Everything came back as genuine.

He even placed an alert with Google News for Westwood Realty to let him know if any suspicious activity happened in connection with the firm.

Google alert: advanced due diligence

“I thought I was doing everything to verify, verify, verify,” asserts Darren.

So why DID it all check out?

Westwood Realty is a genuine Arizona company. There is a real broker with the (withheld for reputational reasons) name and licence given by the phone caller. Neither party had any inkling that their identities were being used in this manner.

The scammers even used an address in the same building as Westwood Realty for written correspondence.

After Darren Kittleson signed a letter of intent to go ahead with the deal, the offered price appeared to be transferred to him when an email arrived with a genuine looking bank statement which ‘showed’ the funds to have been deposited.

Darren called the bank phone number on the statement and was answered by a Spanish speaking voice confirming the bank name in Mexico.

The money seemed to be on it’s way.

Mechanics of the scam

After a few weeks, the funds hadn’t arrived in his account and Darren was informed this was because he needed to give some tax details and pay a Mexico City law firm to fill in related forms. Said form was delivered, complete with ‘government stamps’ and tax ID. Darren paid the attorney. However the transfer for the purchase price of Darren’s timeshare still failed to materialise.

“I was nervous,” admits Darren. “But I thought: ‘OK this is the first time I have done a property transfer in Mexico.”

Then the scammers told Darren he needed to pay taxes to the state of Jalisco (in Mexico).

An internet search showed this to be normal, and the ‘buyers’ said they would pay this back to Darren. Then they asked him to pay for a series of insurance bonds.

After parting with a total of $24,000, Darren Kittleson acknowledged the fact that he was being defrauded. “At that point I said: ‘I’m done’. It was like ‘Oh I just got scammed,” the businessman told the Arizona Republic newspaper.


Mr Kittleson has made multiple official complaints via the Attorney General, the FBI and the Better Business Bureau but does not believe the fraudsters will ever be caught.

FBI Headquarters: J Edgar Hoover Building

“It is likely they are out of the country,” Darren believes. “And it’s even more likely I won’t see my money again.

“If it sounds too good to be true, it is.”

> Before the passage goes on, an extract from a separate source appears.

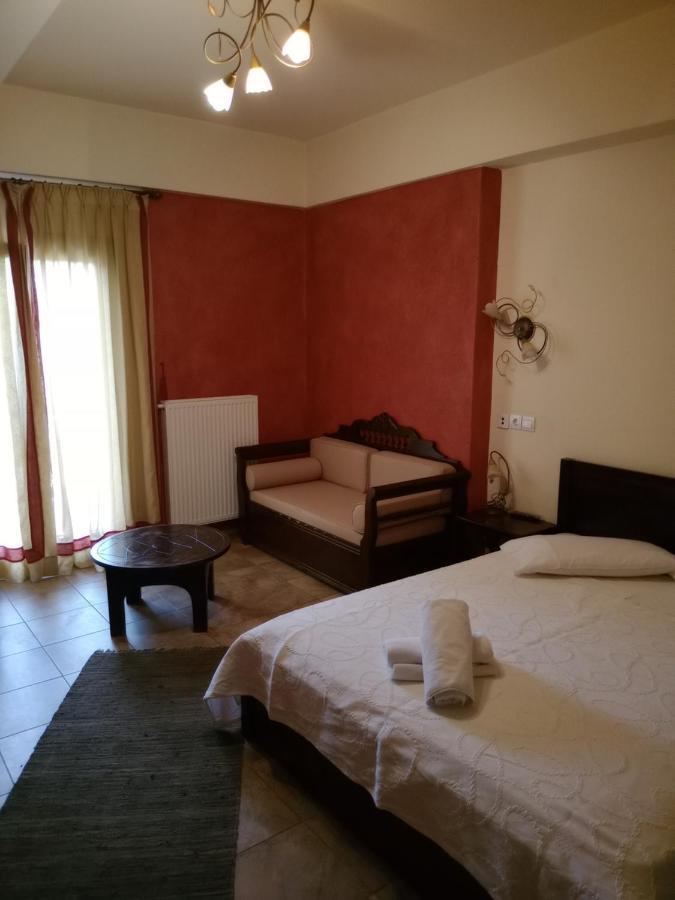 Hotel Erotas Áyios Dhimítrios Kültér fotó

A Cease and Desist order was filed against the thieves by the Department of Real Estate following these complaints and others from further victims. Although this is probably too late to stop the scammers, who may well be already operating under a different corporate identity.

Expert comment

“Darren Kittleson is probably more savvy than most of us when it comes to avoiding scams,” agrees Andrew Cooper, CEO of European Consumer Claims. “If somebody this experienced can still be caught out by fraudsters, then readers may well be wondering: ‘what possible chance do I have?’

“With the benefit of hindsight, a person in this situation should really look up contact details on the official website and phone the caller back. That would quickly reveal a fraudster. But in this case, and at this stage, money seemed to being given rather than requested.

“In fact, the real clue is in Darren’s own words, warning about a deal that sounds too good to be true.”

Andrew Cooper.  Timeshare expert and philanthropist
Andrew Cooper. Timeshare expert and philanthropist

“in the timeshare industry, as in broader life, anything that sounds like it has no downside, usually definitely has a hidden downside.

“Timeshare ownerships do not generally have a resale value. It takes powerful, expensive sales and marketing programs to convince people to part with money to buy a membership which is actually a more expensive, less flexible, more difficult way to holiday than using regular booking sites.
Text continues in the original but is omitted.